Thursday October 28 1:00 PM – Thursday October 28 1:30 PM in Talks II

Deep Neural Deduplication

Marcin Mosiolek

Prior knowledge:
No previous knowledge expected

Summary

Effective identification of duplicated content is inherent in processing large amounts of text documents, such as web pages, articles or contracts. Recently, our team has developed a solution exploiting contrastive learning techniques to find duplicated content among thousands of construction documents in a blink of an eye. The talk shares our experience and introduces into contrastive learning.

Description

One of our clients is a company processing a tremendous amount of unstructured data collected from the Internet. They fetch construction-related articles to be the first to know about new opportunities and further share this information with construction firms. This way, they offer the most up-to-date information regarding the market, and their customers get immediate and high-quality news regarding bids that might be of interest to them.

As the company collects the information from different sources, some inconsistencies may appear in the collected data. The same construction investment might be expressed in varying words or slightly altered data fields depending on the data source.

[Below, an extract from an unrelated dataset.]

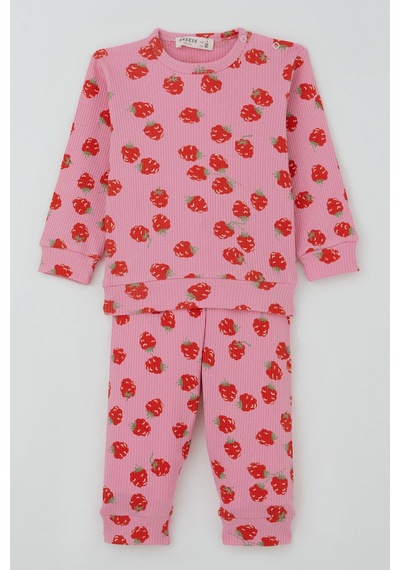 Breeze Kız Bebek Pijama Takımı Omuzdan Patlı Çilek Desenli 4 Ay-1 Yaş, Pembe Pembe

It's just like one asked two different persons to describe the same situation - probably each description would be somewhat different than the other.

In such circumstances, duplicates are expected. It means the same bid or project may appear multiple times in moderately different forms coming from other data sources. Therefore, there is a need for an efficient deduplication algorithm to ensure the high quality of the offered information. This talk explains how we built one by leveraging deep neural networks and contrastive learning. Moreover, it provides a gentle introduction into the concepts of contrastive techniques.